National Labor Relations Board v. Big Three Industries, Inc.

602 F.2d 898, 102 L.R.R.M. (BNA) 2135, 1979 U.S. App. LEXIS 12375
CourtCourt of Appeals for the Ninth Circuit
DecidedAugust 20, 1979
Docket77-1704
StatusPublished
Cited by12 cases

This text of 602 F.2d 898 (National Labor Relations Board v. Big Three Industries, Inc.) is published on Counsel Stack Legal Research, covering Court of Appeals for the Ninth Circuit primary law. Counsel Stack provides free access to over 12 million legal documents including statutes, case law, regulations, and constitutions.

Bluebook
National Labor Relations Board v. Big Three Industries, Inc., 602 F.2d 898, 102 L.R.R.M. (BNA) 2135, 1979 U.S. App. LEXIS 12375 (9th Cir. 1979).

Opinion

TANG, Circuit Judge:

The respondent, Big Three Industries, refused to bargain with the Union 1 after the Union had been certified as the employees’ exclusive bargaining representative by the National Labor Relations Board. The Board found that Big Three had violated § 8(a)(5) and 8(a)(1) of the National Labor Relations Act, 29 U.S.C. §§ 158(a)(5) and 158(a)(1), by its refusal to bargain, and now petitions for enforcement. We order that enforcement be granted.

Big Three sells industrial gases and welding equipment, which it manufacturers at a plant in Long Beach, California. In 1975 the Union filed a representation petition with the Board, seeking to be certified as the exclusive bargaining representatives of a group of employees who worked at the Long Beach plant. Prior to the representation election, the parties agreed that the appropriate bargaining unit included:

All production and maintenance employees, shipping and receiving employees, plant clerical employees, warehouse and truckdriver employees employed by the Employer at its 2445 South Street, Long Beach, California, location; excluding all salesmen, office clerical employees, guards and supervisors as defined in the Act, as amended.
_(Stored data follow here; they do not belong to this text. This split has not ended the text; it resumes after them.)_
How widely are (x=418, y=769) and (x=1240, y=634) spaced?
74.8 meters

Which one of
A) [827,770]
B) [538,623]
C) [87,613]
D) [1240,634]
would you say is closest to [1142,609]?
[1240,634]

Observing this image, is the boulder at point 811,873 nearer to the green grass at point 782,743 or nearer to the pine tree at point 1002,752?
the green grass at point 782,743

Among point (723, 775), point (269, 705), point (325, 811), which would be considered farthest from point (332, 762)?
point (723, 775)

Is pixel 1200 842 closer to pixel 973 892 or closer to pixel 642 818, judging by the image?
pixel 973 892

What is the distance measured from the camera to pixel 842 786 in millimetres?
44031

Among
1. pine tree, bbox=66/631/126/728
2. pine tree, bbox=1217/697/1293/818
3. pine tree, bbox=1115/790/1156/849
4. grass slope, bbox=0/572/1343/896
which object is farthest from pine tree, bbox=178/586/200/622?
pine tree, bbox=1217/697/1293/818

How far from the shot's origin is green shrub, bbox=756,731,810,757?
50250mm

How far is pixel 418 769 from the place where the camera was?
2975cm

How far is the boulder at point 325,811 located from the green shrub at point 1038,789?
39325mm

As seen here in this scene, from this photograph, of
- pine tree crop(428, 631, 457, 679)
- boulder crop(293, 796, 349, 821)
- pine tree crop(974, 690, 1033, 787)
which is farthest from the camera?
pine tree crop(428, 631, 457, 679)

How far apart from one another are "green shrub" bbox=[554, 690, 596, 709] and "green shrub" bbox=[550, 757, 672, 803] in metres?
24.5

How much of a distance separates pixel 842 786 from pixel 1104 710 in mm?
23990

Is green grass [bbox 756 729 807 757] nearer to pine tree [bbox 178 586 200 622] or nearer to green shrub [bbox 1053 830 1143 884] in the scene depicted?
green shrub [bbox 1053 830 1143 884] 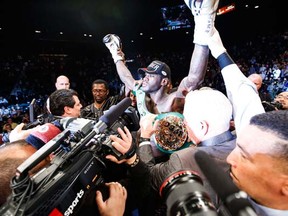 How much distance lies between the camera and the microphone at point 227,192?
493 millimetres

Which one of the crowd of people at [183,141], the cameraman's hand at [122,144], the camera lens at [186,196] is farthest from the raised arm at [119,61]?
the camera lens at [186,196]

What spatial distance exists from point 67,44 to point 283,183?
17026 millimetres

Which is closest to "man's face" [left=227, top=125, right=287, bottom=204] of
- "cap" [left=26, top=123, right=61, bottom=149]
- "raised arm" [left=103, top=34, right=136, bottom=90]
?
"cap" [left=26, top=123, right=61, bottom=149]

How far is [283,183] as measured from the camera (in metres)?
0.74

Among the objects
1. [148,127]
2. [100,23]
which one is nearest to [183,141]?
[148,127]

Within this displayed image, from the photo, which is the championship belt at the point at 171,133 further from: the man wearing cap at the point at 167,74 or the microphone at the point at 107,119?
the man wearing cap at the point at 167,74

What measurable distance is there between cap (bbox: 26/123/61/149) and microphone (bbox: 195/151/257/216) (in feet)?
2.02

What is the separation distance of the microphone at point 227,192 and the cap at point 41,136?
614 millimetres

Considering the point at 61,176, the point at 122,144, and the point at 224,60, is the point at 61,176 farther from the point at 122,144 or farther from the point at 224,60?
the point at 224,60

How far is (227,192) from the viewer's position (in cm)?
57

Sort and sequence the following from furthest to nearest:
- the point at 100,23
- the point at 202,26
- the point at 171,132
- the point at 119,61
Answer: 1. the point at 100,23
2. the point at 119,61
3. the point at 202,26
4. the point at 171,132

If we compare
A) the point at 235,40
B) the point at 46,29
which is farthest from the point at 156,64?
the point at 235,40

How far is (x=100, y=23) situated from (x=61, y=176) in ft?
49.4

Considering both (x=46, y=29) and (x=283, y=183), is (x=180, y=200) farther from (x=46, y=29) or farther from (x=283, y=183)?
(x=46, y=29) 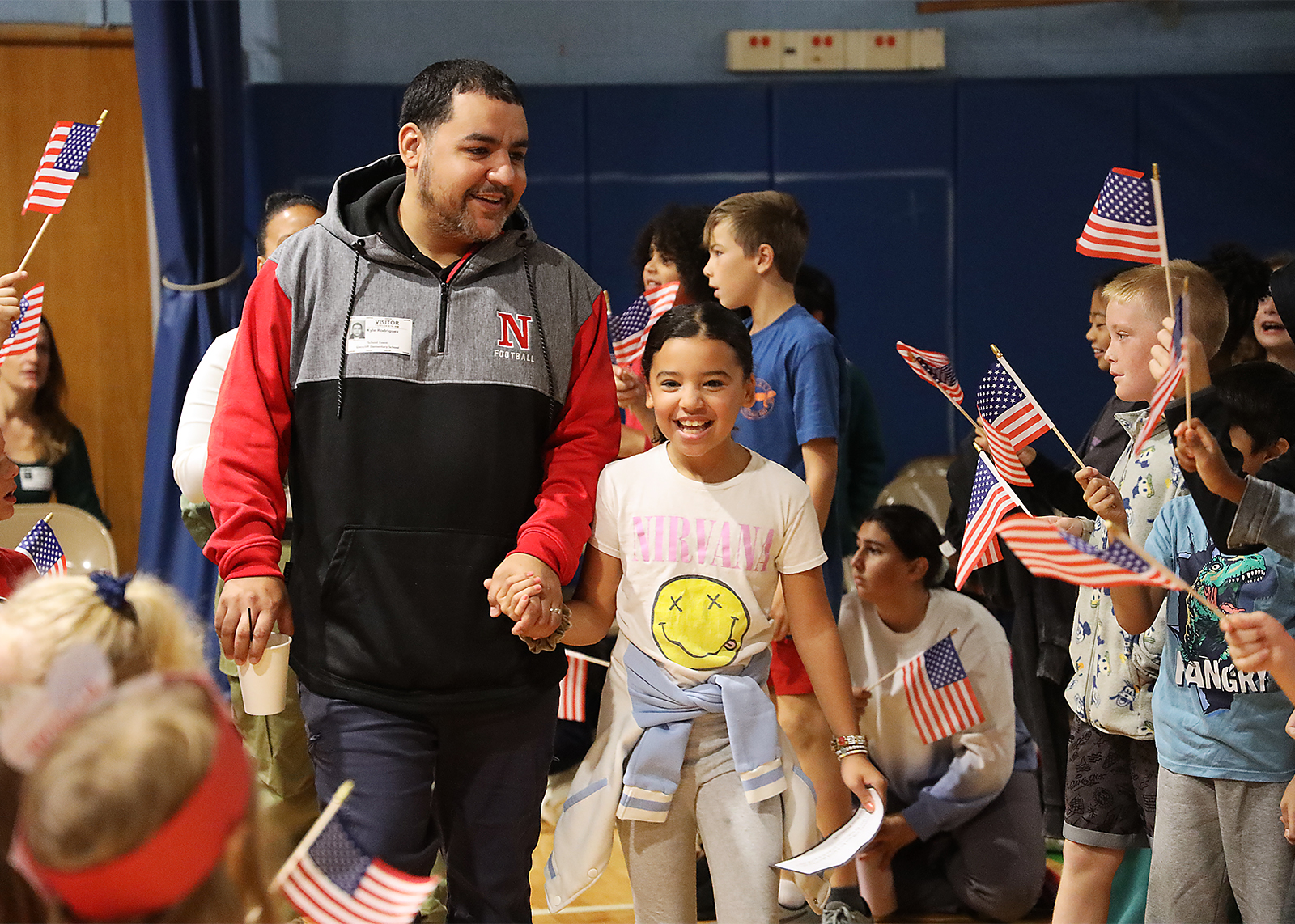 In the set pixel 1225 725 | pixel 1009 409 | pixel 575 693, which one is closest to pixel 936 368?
pixel 1009 409

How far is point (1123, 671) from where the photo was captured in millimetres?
2430

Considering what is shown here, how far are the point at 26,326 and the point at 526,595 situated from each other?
5.54ft

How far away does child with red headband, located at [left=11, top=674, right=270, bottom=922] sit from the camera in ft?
3.86

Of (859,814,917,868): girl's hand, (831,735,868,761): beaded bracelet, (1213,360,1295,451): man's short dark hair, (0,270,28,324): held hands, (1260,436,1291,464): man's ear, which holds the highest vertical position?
(0,270,28,324): held hands

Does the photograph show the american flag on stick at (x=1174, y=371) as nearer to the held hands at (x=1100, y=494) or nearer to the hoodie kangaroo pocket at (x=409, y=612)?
the held hands at (x=1100, y=494)

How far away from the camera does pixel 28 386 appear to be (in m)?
4.50

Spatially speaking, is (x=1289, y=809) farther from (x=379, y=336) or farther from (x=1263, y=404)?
(x=379, y=336)

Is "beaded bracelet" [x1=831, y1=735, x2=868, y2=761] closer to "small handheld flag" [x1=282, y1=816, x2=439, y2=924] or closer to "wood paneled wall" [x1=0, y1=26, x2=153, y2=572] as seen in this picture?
"small handheld flag" [x1=282, y1=816, x2=439, y2=924]

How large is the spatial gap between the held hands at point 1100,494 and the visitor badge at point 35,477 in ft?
12.0

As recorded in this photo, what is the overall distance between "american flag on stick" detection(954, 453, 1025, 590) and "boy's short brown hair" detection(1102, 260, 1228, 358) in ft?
1.51

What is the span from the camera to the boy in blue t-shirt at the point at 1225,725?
2148 millimetres

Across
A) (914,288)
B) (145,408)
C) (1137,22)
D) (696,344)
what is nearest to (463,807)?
(696,344)

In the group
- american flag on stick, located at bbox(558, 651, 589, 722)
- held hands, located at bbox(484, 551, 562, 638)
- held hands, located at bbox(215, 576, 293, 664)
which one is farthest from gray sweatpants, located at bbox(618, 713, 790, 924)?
american flag on stick, located at bbox(558, 651, 589, 722)

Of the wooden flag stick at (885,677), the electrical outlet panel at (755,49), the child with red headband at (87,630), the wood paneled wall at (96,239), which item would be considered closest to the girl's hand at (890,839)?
the wooden flag stick at (885,677) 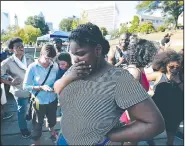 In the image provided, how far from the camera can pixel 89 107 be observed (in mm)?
1126

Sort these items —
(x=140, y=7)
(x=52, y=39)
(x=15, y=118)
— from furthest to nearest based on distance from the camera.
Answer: (x=140, y=7) → (x=15, y=118) → (x=52, y=39)

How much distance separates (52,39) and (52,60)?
3.23 feet

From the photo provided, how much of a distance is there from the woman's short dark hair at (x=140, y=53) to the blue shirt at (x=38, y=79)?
1247 mm

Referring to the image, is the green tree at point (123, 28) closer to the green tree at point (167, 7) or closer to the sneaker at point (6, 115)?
the sneaker at point (6, 115)

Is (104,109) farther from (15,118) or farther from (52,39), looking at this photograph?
(15,118)

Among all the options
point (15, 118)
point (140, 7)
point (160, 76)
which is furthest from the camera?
point (140, 7)

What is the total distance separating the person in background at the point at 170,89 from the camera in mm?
2645

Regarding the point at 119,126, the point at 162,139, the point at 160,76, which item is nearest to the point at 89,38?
the point at 119,126

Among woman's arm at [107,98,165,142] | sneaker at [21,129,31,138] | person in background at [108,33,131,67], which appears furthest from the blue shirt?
woman's arm at [107,98,165,142]

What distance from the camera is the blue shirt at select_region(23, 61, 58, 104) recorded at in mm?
2900

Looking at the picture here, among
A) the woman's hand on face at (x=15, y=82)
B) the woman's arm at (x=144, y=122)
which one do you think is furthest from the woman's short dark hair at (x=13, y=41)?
the woman's arm at (x=144, y=122)

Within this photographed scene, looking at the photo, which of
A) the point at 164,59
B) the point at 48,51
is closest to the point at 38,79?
the point at 48,51

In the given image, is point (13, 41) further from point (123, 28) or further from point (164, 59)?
point (123, 28)

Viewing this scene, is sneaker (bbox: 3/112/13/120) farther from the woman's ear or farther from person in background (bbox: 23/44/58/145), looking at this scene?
the woman's ear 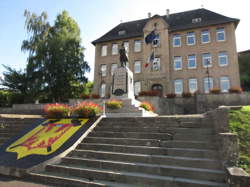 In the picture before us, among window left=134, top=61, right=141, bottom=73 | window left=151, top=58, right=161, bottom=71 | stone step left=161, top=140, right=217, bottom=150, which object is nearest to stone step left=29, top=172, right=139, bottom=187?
stone step left=161, top=140, right=217, bottom=150

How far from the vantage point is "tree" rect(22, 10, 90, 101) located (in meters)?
24.6

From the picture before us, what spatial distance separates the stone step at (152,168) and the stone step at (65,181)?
55 centimetres

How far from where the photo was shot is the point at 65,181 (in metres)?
4.24

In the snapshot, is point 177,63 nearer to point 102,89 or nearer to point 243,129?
point 102,89

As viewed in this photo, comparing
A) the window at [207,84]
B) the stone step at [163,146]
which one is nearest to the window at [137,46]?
the window at [207,84]

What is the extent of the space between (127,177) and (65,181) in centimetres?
160

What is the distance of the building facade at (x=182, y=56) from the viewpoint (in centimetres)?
2166

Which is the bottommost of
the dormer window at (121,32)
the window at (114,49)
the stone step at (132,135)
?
the stone step at (132,135)

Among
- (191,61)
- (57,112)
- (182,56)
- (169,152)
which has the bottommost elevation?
(169,152)

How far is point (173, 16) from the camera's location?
91.2ft

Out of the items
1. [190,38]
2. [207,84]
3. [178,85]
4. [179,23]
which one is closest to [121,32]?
[179,23]

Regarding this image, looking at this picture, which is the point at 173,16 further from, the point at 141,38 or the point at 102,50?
the point at 102,50

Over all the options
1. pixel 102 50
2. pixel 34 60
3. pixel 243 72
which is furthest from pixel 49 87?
pixel 243 72

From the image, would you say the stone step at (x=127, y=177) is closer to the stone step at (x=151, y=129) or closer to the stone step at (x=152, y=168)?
the stone step at (x=152, y=168) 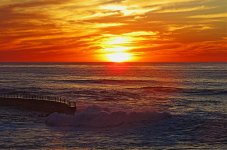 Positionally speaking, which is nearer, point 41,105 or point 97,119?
point 97,119

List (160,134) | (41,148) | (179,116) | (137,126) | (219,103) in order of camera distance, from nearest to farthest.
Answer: (41,148) → (160,134) → (137,126) → (179,116) → (219,103)

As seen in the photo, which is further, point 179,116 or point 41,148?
point 179,116

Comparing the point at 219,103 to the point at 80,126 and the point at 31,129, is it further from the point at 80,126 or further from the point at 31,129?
the point at 31,129

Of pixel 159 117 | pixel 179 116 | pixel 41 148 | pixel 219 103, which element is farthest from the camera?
pixel 219 103

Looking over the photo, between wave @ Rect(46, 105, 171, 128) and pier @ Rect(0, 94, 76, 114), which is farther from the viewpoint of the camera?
Result: pier @ Rect(0, 94, 76, 114)

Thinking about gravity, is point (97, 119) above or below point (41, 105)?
below

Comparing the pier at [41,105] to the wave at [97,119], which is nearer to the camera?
the wave at [97,119]

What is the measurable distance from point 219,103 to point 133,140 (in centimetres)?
4473

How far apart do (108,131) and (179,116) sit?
17.8 metres

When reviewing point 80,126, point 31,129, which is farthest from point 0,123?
point 80,126

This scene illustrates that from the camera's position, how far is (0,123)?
201ft

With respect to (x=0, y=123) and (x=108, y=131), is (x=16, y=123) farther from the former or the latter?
(x=108, y=131)

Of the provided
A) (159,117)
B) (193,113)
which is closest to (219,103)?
(193,113)

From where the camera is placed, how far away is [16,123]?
61406mm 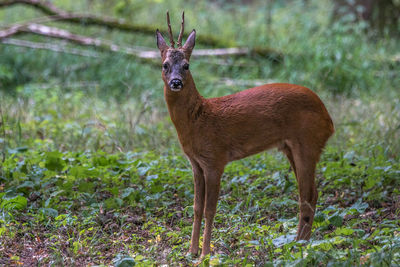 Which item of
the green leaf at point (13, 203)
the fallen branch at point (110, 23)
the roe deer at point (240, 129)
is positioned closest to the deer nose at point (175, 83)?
the roe deer at point (240, 129)

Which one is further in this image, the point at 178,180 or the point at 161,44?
the point at 178,180

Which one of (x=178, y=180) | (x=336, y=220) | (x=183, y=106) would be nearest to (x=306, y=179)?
(x=336, y=220)

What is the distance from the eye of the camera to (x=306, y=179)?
4.19 m

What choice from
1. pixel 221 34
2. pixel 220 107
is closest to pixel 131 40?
pixel 221 34

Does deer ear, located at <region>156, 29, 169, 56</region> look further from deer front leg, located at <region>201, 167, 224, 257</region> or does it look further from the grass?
the grass

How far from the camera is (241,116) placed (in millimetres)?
4145

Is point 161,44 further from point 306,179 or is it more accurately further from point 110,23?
point 110,23

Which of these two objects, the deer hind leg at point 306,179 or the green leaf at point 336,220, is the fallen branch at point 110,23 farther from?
the green leaf at point 336,220

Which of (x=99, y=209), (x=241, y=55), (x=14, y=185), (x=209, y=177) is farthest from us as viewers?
(x=241, y=55)

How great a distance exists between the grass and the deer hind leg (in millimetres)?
88

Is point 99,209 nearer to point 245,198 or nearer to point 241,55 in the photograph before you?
point 245,198

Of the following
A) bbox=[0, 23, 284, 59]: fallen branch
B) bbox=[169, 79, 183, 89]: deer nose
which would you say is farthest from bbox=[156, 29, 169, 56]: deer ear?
bbox=[0, 23, 284, 59]: fallen branch

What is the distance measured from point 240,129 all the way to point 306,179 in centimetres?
69

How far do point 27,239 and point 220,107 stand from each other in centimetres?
194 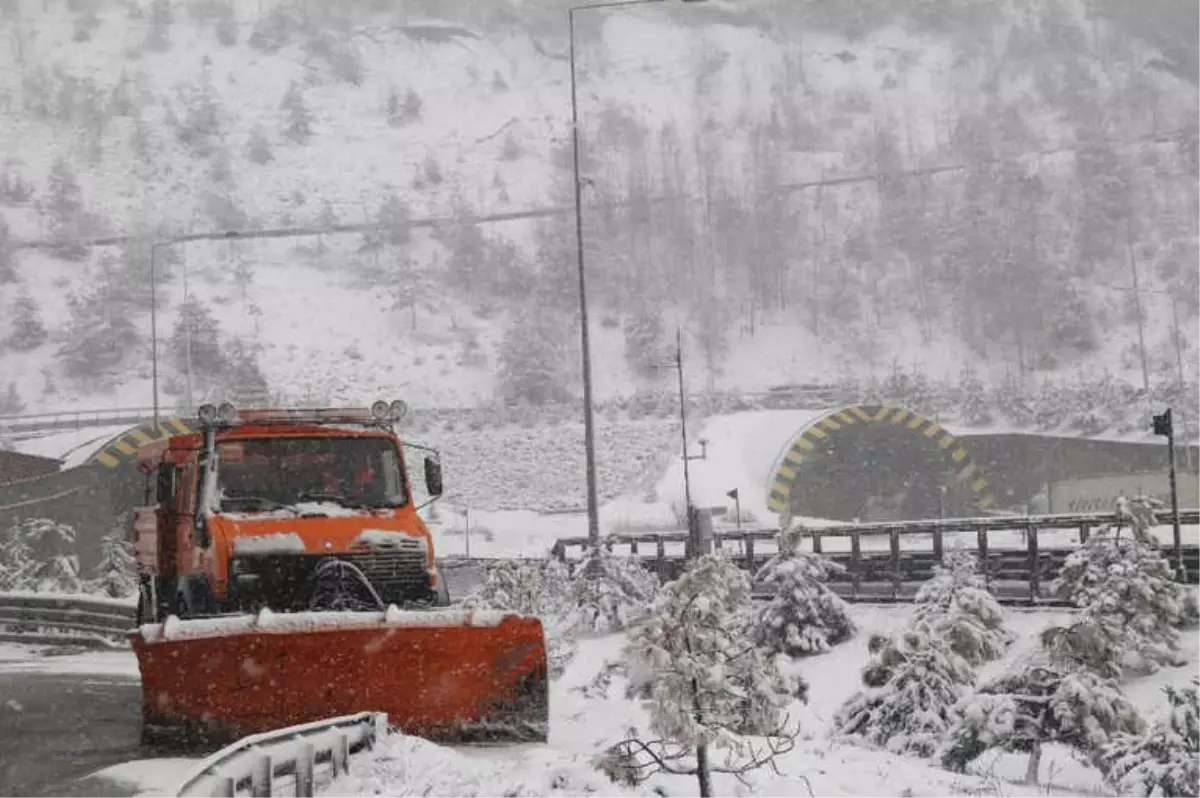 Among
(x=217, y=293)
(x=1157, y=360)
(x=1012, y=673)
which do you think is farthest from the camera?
(x=217, y=293)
Accordingly, the Regional Director conducted an election of the stipulated bargaining unit. Fifteen employees voted. Six votes were cast in favor of the Union, two votes were cast against it, and seven votes were challenged by the Union. Because the challenged ballots were sufficient to affect the outcome of the election, the Regional Director ordered a hearing to determine whether the challenged voters should be included in the stipulated bargaining unit. The Hearing Officer recommended that the Board sustain the Union’s challenges to five of the seven voters, finding that Patricia Conners and Charles Kenner were supervisors, that Kathie Bostic and Carol Frost were office clerical employees, and that Darrel Wilson lacked sufficient community of interest to be included in the appropriate unit. The Hearing Officer found that the remaining two challenged voters shared a sufficient community of interest with the plant office Clericals and overruled the Union’s challenge to their eligibility. Because these two ballots were *901 insufficient to affect the outcome of the election, the Hearing Officer recommended that the ballots not be opened, and that the Board issue a Certificate of Representative to the Union.

Big Three filed exceptions to the Hearing Officer’s finding that Kenner, Bostic, Frost, and Wilson should not be included in the bargaining unit. The Board, however, adopted the findings and recommendations of the Hearing Officer and issued a Certificate of Representative to the Union.

Apparently to gain review of the certification, Big Three refused to bargain with the Union. 2 The Board issued a complaint and found that Big Three’s refusal to bargain violated §§ 8(a)(5) and 8(a)(1) of the National Labor Relations Act. The Board now seeks to enforce its bargaining order. Because the Act is violated only if the Union was a valid representative, the sole issue presented for review is whether the Board properly certified the Union as the representative of the stipulated bargaining unit. The validity of the certification in turn depends on whether the Board correctly sustained the Union’s challenges to the ballots of Kenner, Bostic, Frost, and Wilson. See NLRB v. Adrian Belt Co., 578 F.2d 1304, 1308 (9th Cir. 1978). We find that the Board properly sustained the challenges and enforce the Board’s order as modified.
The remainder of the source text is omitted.